(j3.2006) 16-150

Van Snyder Van.Snyder
Tue Jan 26 13:58:05 EST 2016


16-150 observes that ID= is prohibited in a child data transfer
statement, and asks whether waits ought also to be prohibited.

A wait isn't a data transfer statement, so the wording would need to be
different, and rather messy.  Something like "... for the same unit as
the \cf{unit} argument of a defined input/output procedure, while the
defined input/output procedure or one invoked by it is executing...."

But what is the point of prohibiting ID= anyway?  ASYNCHRONOUS="yes"
isn't prohibited.  The only reason I can think of is that the DIO
subroutines don't have an (optional) ID argument to send the value back
through the I/O statement that got things going, and if it did, and
there were several DIO subroutine invocations in one statement, which ID
value would be reported?  The last one would be good enough because
asynchronous input/output on a single unit is defined to take place in
the same order as synchronous input/out would have done.
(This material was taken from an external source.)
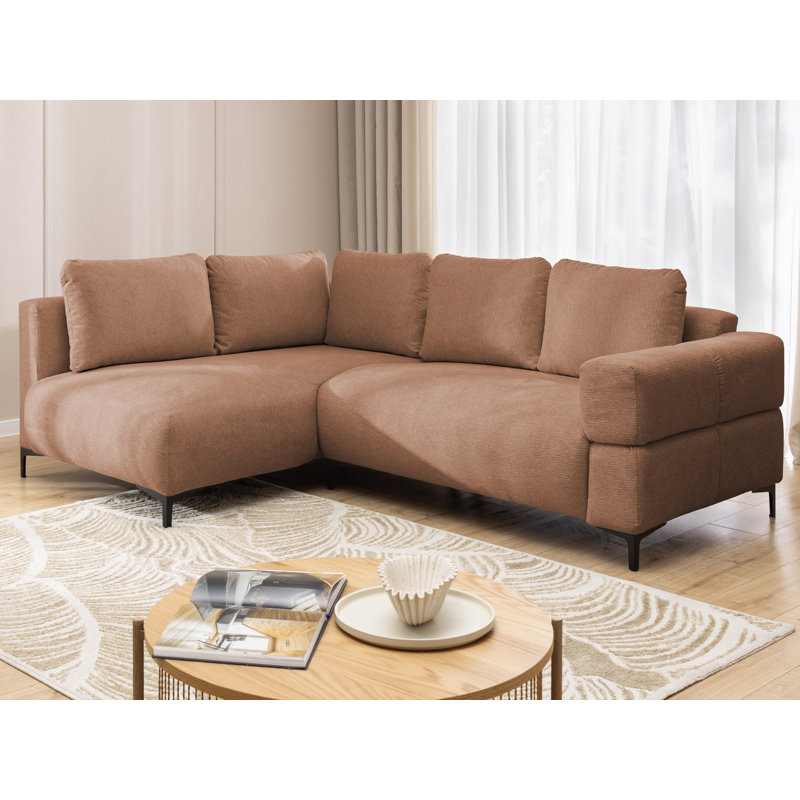 4 Seater Corner Sofa, Left Hand Facing, Red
As far as I can tell, ID= in a child data transfer statement is
harmless, so the prohibition is just a pointless prohibition that
careful runtime-checking processors would need to check for (does
anybody check it now?).  If one wants to make use of the ID value, one
must use it within the DIO subroutine, or one called by it, or one
called by that one ..., or put the value into a global variable, perhaps
indexed by the unit number.

Is there a deeper problem?  Is it related to DIO being nonadvancing?  I
didn't see a prohibition against ID= or ASYNCHRONOUS="yes" with
ADVANCE="no".

If there's no problem, I'd rather just delete 9.6.2.9p3, with a remark
in the introduction.  Something like "Processors no longer need to check
the pointless prohibition against ID= in a child data transfer
statement."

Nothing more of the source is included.